Spear Creek…On a more serious note. Part 7

Spear Creek...On a more serious note.  Part 7

30th December 2013

Oh, what bliss to wake up this morning and hear the wind outside while I am in my luxurious little room. It makes one feel quite smug until I think about the fact that I came out here to camp and what I am doing now is certainly not tenting. Oh well, at least I had a good night’s sleep last night and the toilet is much closer for the middle of the night call out.

Yesterday afternoon I took a drive up into the ‘real’ bush camping area of Spear Creek. I sat for some time in amongst the beautiful old trees in the dry creek bed. It is difficult to imagine water flowing through the creek but it is obvious that it does from time to time as there is debris caught in various places along the way.

As I sat giving myself over to the energy of the land I heard voices drifting on the air. It is true that we leave an energetic ‘footprint’ where ever we go in life. Here at Spear Creek there are many such energies, however the strongest are those of the aborigines of old. Their spirits linger in this place where they lived many years ago. I see camp fires burning, children playing, women chattering while they work, men working pieces of wood with stone axes and flint knives. A peaceful and contented scene. I feel that in other areas of the property there has been unrest. I do not know the history of the area but I know from within that this is quite a significant place in the indigenous history of the area.

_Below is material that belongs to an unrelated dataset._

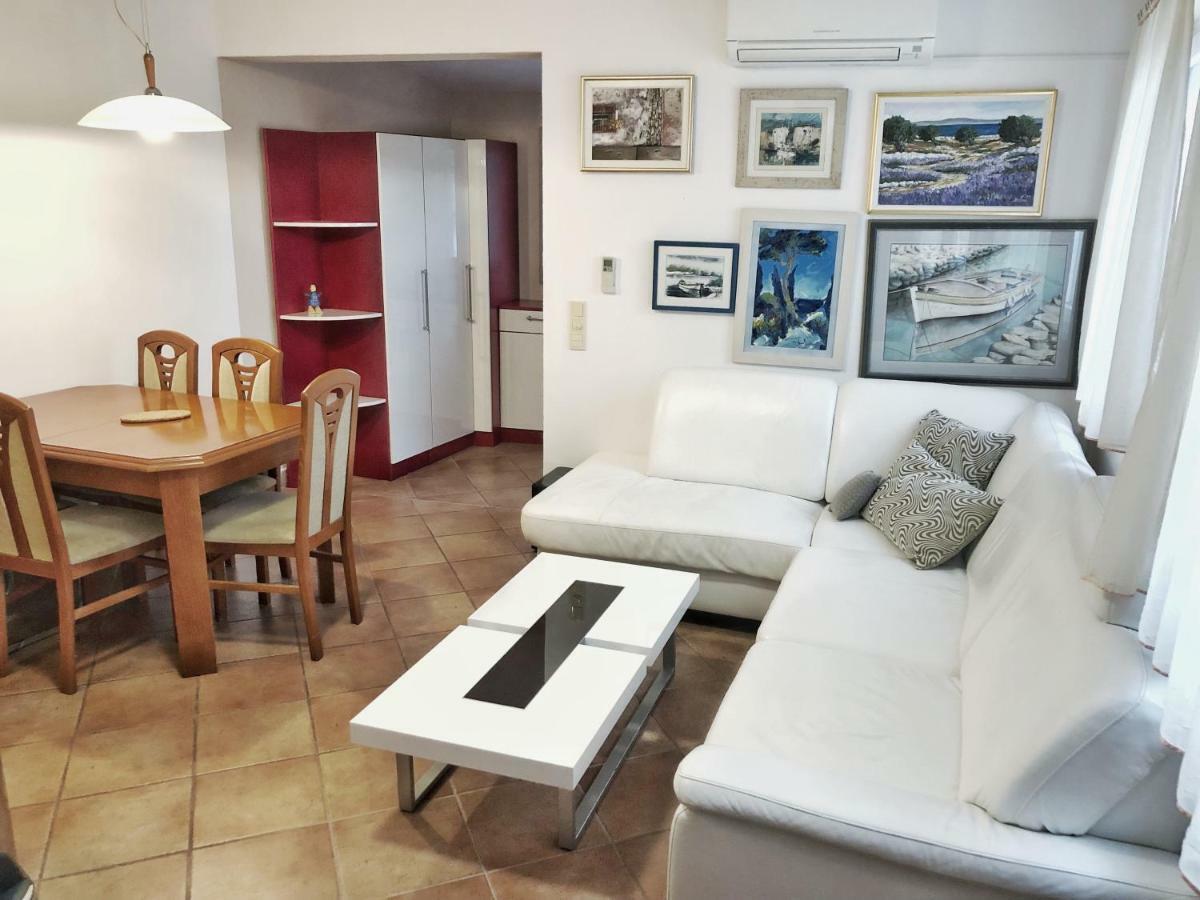 Villa Masha Omišalj Exteriér fotografie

I drive back through the gate, feeling very honoured to have been given an insight into this wonderful place. As I stop to open the gate I hear my Dad’s voice telling me that you always leave a gate as you find it. Never pass through a closed gate without closing it again after you. This became second nature to me and my siblings at a very early age but not everyone had the same education. I see that the gate on the walking track had been opened and closed but the latch had not been fastened. Some people have obviously not experienced just how clever horses really are.

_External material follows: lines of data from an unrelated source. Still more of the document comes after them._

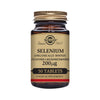 Solgar Selenium (Yeast-Free) 200 µg Tablets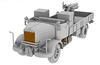IBG 1/72 Italian Army Lancia 3Ro Heavy Truck Self-Propelled Artillery 100mm Howitzer da100/17 Plastic Model Kit PB72098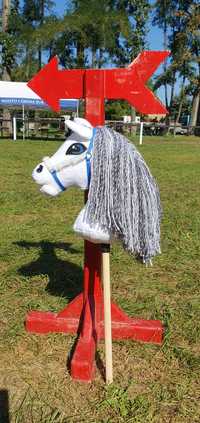 Hobby Horse Blue Eyes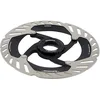 Image de SHIMANO Disque de frein de vélo unisexe Lock EXT. 160 mm, multicolore, taille unique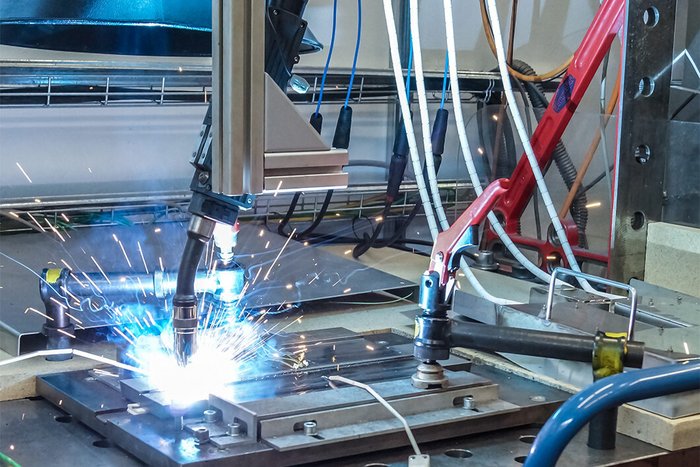 Paper of the month 09/2023: TF Energy Automated metal active gas welding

My next stop is the shearing shed. The first thing that hit me was the smell. How familiar that was! Lanoline in its most natural form. Somehow a shearing shed always smells dusty also. As I walk through I remember playing in the shearing shed on our family property, the holding pens where the sheep were kept awaiting selection by the shearer, the chutes down which the sheep were released after they had been shorn. Outside in the yards there are a couple of sheep, I wonder are they there for slaughtering, crutching or what the reason is. I see a stand of lamb marking cradles where the young male sheep are held to be castrated, once again the memories rise of days in the yards as a child, when castrating, tail docking and ear marking were the day’s activities. Those stories are worthy of their own telling somewhere down the track.

The shed is on a rise on the property and the views are wonderful. One side are the Flinders Ranges and the other side the ocean at Port Augusta. Not far from the shed there is a house. What a glorious place to live.

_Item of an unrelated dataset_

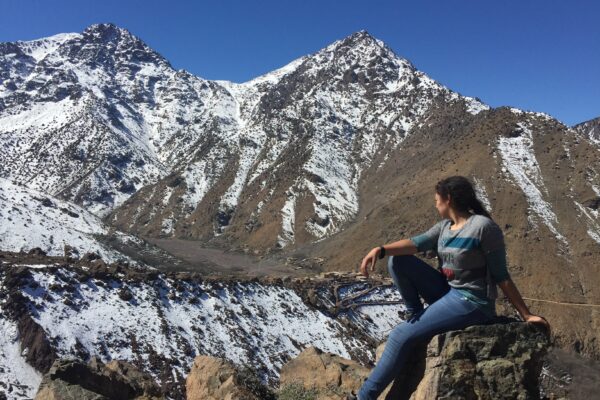 Inspired by nature: Soraya Abdel-Hadi 2x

I return to the deck at the front of my unit which juts out into the bush. What a pleasure it was to sit out there and listen to the Kookaburras laughing at me. A barbeque to cook my sausages on while I enjoy my evening drink, life doesn’t get much better. Well, at this stage I think the only thing that could actually make it better would be to have someone special by my side who understands my love for the bush and how I will forever be called to places like this to restore the balance within… the serenity.